> [Entries provided]:
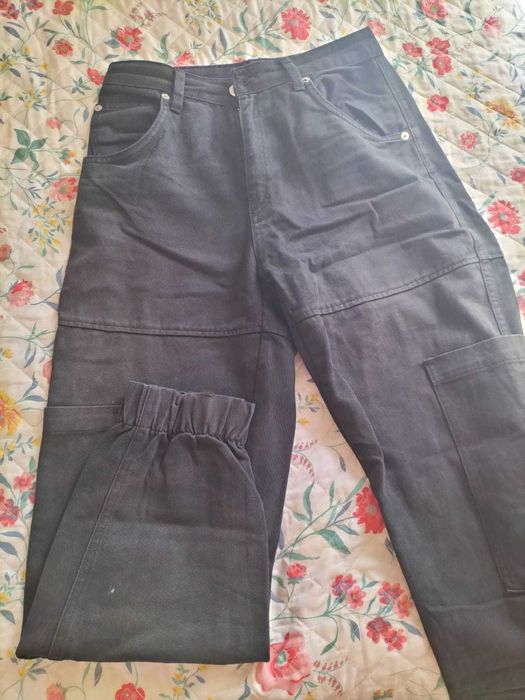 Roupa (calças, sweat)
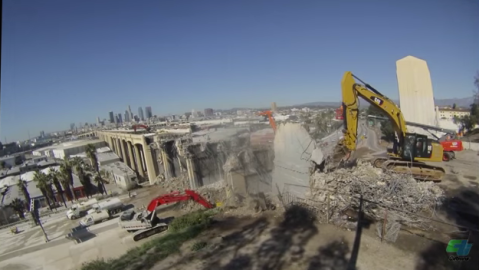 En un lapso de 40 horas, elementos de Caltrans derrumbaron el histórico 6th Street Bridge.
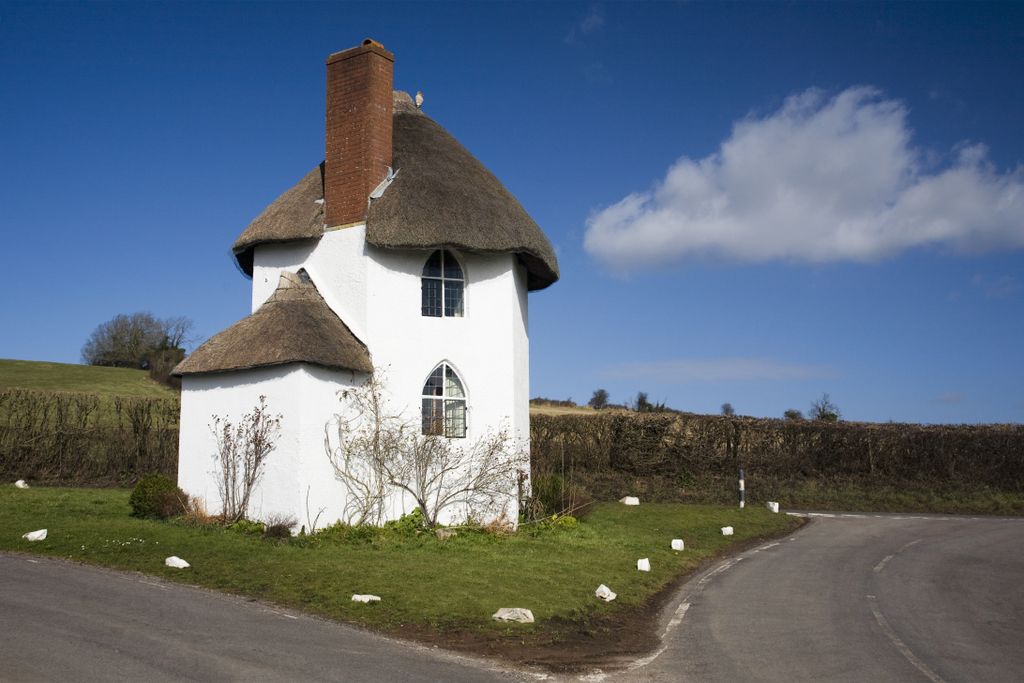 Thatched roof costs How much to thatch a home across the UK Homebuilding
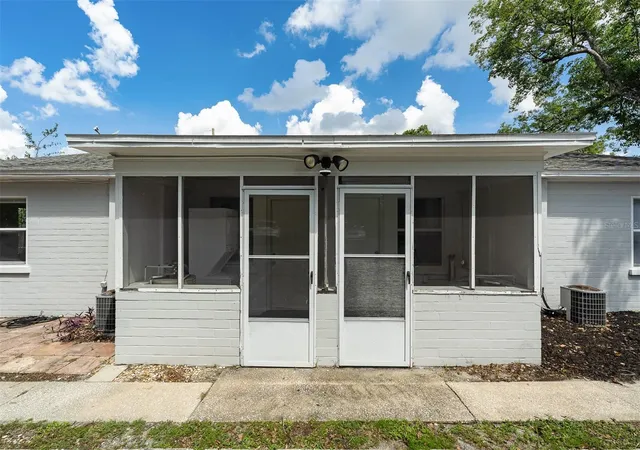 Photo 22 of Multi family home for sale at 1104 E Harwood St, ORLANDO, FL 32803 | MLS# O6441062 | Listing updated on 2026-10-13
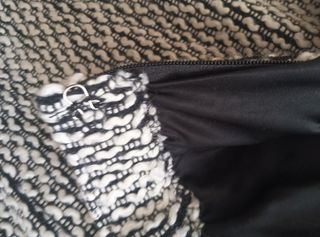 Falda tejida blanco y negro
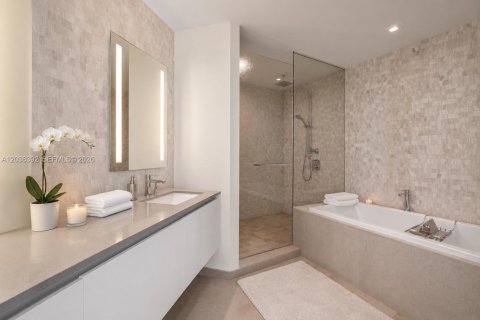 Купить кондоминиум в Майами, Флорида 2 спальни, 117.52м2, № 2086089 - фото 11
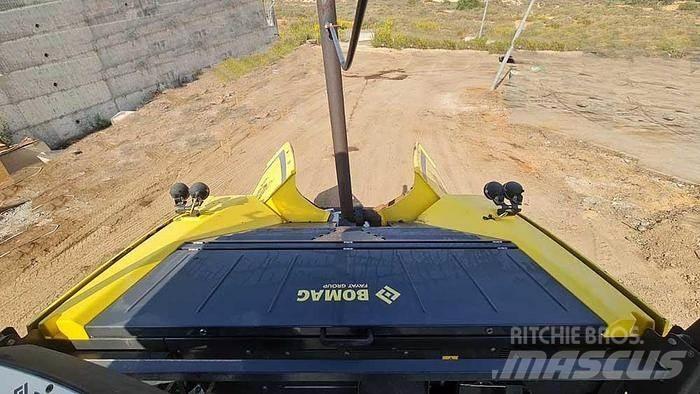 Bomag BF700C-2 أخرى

> [Work instruction]:
Leaving out any pictures, write the records above out exactly as they are.

> [Answer box]:
 Roupa (calças, sweat)
 En un lapso de 40 horas, elementos de Caltrans derrumbaron el histórico 6th Street Bridge.
 Thatched roof costs How much to thatch a home across the UK Homebuilding
 Photo 22 of Multi family home for sale at 1104 E Harwood St, ORLANDO, FL 32803 | MLS# O6441062 | Listing updated on 2026-10-13
 Falda tejida blanco y negro
 Купить кондоминиум в Майами, Флорида 2 спальни, 117.52м2, № 2086089 - фото 11
 Bomag BF700C-2 أخرى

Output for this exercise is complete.